Quello che occorre è prendere coscienza di questa dissociazione
atroce e rendere partecipi le masse popolari perché essa scompaia, e sviluppo e
progresso coincidano….
Lo sviluppo
che questo nuovo potere vuole dà un colpo di spugna al fascismo tradizionale,
che si fondava sul nazionalismo o sul clericalismo, su vecchi ideali, e instaura
una forma di fascismo nuovo e ancora più pericolosa. E’ in corso nel nostro
paese questa sostituzione di valori e di modelli, sulla quale hanno avuto grande
peso i mezzi di comunicazione di massa e in primo luogo la televisione. Con
questo non sostengo affatto che tali mezzi siano in sé negativi: sono anzi
d’accordo che potrebbero costituire un grande strumento di progresso culturale,
ma finora sono stati un mezzo di spaventoso regresso, di genocidio
culturale…..La distruzione di valori in corso non implica una immediata sostituzione di altri valori, col loro bene e il loro male, col necessario miglioramento del tenore di vita e insieme un reale progresso culturale.

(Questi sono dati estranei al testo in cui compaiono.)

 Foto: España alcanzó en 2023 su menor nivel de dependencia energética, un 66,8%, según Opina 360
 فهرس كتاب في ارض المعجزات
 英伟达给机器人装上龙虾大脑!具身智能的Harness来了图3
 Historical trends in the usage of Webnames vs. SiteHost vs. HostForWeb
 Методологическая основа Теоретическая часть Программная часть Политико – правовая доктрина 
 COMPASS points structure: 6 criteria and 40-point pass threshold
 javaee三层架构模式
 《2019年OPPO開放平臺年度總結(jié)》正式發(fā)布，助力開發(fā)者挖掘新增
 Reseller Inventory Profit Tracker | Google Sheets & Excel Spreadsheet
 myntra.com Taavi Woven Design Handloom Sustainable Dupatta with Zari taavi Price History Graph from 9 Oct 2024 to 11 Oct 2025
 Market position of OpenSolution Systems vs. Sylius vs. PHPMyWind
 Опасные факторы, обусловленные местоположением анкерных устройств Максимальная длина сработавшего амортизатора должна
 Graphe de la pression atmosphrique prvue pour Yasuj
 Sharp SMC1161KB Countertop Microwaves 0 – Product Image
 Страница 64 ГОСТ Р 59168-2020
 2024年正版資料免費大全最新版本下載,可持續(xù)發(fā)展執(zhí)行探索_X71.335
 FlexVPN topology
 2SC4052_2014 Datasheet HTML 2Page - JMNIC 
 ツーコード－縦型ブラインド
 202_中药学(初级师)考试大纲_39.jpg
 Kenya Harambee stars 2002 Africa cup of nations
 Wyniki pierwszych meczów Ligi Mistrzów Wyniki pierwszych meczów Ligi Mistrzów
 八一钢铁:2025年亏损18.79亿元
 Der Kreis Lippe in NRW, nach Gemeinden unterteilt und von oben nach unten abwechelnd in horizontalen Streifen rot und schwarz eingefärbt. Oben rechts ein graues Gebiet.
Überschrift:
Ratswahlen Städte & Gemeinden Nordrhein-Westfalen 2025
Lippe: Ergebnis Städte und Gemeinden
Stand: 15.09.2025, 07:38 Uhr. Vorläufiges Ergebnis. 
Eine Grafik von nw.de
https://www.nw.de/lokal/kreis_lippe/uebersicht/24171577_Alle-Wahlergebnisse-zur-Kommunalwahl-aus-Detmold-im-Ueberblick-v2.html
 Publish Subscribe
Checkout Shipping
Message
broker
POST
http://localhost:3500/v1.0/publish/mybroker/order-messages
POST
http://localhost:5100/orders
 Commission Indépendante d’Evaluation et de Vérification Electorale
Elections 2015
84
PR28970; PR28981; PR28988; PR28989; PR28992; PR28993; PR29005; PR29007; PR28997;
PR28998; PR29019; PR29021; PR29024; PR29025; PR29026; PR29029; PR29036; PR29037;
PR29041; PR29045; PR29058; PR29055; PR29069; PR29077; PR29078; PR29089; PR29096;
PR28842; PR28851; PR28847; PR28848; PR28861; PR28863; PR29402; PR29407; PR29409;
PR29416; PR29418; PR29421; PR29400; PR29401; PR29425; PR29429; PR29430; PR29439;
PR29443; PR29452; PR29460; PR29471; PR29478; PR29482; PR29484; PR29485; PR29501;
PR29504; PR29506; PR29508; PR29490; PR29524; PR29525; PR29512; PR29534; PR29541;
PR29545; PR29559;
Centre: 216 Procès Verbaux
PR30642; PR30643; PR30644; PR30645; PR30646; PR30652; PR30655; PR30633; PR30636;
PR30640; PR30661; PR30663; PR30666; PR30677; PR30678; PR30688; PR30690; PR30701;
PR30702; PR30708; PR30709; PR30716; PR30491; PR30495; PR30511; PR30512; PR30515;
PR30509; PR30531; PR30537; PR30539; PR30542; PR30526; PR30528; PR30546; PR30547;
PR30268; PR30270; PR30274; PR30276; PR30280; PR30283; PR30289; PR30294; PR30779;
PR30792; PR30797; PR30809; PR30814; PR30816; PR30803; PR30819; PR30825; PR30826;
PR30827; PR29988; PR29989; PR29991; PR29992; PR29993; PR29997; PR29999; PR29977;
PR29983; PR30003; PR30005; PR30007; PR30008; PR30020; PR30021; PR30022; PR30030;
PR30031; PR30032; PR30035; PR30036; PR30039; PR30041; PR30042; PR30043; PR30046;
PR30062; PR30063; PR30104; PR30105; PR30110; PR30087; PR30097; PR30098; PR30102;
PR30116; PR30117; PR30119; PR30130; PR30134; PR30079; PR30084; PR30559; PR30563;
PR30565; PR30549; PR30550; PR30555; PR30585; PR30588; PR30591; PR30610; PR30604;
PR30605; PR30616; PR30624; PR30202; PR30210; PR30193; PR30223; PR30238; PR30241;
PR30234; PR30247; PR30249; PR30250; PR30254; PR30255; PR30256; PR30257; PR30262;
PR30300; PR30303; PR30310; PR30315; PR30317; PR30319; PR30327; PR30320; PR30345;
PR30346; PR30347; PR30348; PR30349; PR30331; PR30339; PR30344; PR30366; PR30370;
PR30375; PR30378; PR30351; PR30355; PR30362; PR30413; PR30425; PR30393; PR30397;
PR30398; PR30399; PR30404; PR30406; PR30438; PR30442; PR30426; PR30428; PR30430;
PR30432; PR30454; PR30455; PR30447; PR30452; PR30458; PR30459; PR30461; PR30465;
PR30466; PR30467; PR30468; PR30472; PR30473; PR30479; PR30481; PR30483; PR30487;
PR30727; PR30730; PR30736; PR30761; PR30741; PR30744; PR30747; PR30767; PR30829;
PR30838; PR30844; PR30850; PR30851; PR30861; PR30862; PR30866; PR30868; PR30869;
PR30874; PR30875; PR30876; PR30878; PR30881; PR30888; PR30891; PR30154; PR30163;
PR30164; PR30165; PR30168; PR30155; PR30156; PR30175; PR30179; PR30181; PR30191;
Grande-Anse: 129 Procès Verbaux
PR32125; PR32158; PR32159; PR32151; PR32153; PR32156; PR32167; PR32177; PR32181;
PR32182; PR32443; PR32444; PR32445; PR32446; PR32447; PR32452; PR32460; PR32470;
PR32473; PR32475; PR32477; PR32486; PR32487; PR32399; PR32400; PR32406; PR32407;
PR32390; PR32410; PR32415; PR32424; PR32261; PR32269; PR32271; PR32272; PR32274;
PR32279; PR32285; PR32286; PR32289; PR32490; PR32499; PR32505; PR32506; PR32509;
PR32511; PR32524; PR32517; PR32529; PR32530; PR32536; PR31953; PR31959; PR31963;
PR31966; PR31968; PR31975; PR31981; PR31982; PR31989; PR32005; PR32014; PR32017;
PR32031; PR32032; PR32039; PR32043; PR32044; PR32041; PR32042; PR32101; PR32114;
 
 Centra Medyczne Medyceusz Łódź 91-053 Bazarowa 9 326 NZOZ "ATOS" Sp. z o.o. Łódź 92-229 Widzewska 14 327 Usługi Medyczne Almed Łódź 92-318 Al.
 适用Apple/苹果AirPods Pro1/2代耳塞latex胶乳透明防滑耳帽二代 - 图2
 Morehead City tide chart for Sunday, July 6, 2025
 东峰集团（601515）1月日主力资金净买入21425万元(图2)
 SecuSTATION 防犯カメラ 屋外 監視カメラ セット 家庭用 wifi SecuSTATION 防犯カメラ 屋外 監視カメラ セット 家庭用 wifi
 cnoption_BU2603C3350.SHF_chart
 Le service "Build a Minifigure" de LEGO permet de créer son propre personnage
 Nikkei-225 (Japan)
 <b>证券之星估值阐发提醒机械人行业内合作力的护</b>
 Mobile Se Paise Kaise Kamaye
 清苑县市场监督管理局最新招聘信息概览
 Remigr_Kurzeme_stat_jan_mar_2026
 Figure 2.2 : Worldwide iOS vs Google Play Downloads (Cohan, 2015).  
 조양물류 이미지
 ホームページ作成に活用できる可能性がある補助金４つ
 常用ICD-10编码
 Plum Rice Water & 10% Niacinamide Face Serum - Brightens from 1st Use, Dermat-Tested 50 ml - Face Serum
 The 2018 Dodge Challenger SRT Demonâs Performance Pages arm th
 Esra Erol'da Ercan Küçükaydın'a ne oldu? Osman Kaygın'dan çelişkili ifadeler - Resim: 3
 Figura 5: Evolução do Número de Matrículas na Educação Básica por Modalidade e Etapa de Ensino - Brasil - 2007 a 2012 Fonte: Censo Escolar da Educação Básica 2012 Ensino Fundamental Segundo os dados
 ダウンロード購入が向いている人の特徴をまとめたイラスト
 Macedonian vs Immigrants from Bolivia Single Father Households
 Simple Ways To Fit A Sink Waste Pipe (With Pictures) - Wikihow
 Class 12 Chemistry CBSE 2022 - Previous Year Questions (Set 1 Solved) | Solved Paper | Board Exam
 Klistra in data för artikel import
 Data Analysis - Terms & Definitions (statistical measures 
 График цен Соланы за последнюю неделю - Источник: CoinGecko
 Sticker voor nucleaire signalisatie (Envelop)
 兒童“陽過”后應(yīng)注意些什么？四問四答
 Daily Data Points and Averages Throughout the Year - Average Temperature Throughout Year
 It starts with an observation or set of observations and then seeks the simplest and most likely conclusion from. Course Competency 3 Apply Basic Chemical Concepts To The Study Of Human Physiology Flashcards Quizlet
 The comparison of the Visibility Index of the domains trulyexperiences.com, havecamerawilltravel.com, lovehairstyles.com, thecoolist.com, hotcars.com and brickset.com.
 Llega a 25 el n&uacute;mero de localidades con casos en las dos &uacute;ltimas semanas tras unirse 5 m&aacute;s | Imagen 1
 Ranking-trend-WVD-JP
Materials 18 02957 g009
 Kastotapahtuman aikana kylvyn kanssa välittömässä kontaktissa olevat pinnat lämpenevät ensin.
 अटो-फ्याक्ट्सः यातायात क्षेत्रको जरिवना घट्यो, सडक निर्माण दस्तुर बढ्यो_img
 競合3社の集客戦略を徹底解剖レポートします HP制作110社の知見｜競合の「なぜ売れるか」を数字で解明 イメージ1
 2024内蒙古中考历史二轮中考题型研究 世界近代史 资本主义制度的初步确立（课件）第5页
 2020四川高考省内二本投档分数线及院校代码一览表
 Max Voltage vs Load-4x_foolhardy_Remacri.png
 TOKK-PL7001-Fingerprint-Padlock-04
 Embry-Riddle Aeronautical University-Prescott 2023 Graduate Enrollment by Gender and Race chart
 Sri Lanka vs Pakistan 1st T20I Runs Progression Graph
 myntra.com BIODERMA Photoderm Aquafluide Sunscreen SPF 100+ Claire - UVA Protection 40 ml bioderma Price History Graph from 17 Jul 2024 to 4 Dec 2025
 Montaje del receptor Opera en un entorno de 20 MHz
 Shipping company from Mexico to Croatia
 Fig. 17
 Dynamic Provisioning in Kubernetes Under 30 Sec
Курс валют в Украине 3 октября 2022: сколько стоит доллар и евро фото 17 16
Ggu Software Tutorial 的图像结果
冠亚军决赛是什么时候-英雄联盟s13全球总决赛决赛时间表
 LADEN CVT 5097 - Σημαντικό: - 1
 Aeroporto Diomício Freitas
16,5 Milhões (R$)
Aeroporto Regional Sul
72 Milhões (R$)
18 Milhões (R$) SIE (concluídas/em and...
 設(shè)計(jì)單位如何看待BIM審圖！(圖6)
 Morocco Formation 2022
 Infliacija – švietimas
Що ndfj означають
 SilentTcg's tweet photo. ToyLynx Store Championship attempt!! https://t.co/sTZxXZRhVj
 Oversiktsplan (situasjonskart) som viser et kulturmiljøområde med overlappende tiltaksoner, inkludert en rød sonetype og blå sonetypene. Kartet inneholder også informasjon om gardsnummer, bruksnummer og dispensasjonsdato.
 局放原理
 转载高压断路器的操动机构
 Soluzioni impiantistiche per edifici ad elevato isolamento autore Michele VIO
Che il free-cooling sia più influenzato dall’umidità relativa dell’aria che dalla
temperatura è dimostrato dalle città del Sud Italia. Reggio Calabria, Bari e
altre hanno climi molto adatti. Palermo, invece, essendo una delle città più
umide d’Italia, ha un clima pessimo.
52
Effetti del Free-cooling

C’è nel mezzo un momento di imponderabilità e qui e ora sta il
grande pericolo. Pensate a cosa può significare in queste condizioni una
recessione economica, e vi corre un brivido se vi si affaccia il parallelo con
la Germania degli anni Trenta. Qualche analogia il nostro processo di
industrializzazione degli ultimi dieci anni con quello tedesco di allora ce
l’ha: fu in tali condizioni che il consumismo aprì la strada, con la recessione
degli anni ’20, al nazismo….
Quando vedo intorno a me i giovani che stanno
perdendo gli antichi valori popolari e assorbono i modelli imposti dal
capitalismo, e rischiano una forma di disumanità, una forma di atroce afasia,
una assenza di capacità critiche, una passività, ricordo che erano le forme
tipiche delle SS e vedo stendersi sulle nostre città l’ombra orrenda della croce
uncinata. Una visione apocalittica la mia.Ma se accanto ad essa e all’angoscia che la produce, non vi fosse in me anche un elemento di ottimismo, il pensiero cioè che esiste la possibilità di lottare contro tutto questo, semplicemente non sarei qui.